DIRECTIONS FOR THIS TASK:
From the data below, tally each line that has "Cover" in it, then give that tally without comment.

** AVAILABLE DATA follows **

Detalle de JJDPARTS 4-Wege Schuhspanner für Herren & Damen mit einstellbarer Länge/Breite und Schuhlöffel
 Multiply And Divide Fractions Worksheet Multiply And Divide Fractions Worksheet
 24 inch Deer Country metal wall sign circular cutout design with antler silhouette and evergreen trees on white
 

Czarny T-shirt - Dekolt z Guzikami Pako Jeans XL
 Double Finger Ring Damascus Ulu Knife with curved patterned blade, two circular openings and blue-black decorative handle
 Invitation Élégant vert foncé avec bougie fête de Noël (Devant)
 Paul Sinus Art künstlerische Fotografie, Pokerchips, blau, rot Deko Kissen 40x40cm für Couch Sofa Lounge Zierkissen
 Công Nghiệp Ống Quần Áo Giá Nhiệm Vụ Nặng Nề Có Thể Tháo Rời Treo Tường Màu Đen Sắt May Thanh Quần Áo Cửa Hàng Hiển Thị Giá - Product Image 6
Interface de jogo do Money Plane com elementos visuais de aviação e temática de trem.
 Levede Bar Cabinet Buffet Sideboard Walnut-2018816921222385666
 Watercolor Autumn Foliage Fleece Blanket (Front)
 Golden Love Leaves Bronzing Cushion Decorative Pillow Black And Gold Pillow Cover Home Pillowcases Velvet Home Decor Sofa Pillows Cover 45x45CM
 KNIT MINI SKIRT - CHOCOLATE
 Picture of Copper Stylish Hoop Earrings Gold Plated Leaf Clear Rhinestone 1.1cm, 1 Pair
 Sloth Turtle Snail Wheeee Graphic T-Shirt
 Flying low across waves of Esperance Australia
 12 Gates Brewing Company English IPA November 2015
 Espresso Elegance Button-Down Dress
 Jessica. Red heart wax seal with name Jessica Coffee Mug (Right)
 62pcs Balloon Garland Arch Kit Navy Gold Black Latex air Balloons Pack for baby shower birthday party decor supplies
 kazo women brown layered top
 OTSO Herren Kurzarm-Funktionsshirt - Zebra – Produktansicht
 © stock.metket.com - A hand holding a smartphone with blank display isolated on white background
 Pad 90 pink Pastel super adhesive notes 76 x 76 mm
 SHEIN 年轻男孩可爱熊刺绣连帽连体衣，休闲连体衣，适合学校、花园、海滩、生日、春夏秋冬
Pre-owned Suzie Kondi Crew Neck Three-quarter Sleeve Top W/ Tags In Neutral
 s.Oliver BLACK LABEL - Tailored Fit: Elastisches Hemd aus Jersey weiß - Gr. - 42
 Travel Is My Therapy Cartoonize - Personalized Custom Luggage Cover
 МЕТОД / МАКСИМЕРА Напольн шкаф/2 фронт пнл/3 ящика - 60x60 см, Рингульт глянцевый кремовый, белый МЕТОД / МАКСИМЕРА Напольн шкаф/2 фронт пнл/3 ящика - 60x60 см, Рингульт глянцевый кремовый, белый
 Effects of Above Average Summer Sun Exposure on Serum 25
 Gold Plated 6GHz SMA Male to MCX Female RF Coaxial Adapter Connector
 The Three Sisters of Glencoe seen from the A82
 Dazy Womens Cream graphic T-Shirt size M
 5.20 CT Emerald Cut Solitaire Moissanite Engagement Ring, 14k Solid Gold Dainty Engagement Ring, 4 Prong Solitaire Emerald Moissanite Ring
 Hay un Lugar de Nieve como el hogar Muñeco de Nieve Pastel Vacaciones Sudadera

** End of AVAILABLE DATA **

TASK OUTPUT:
2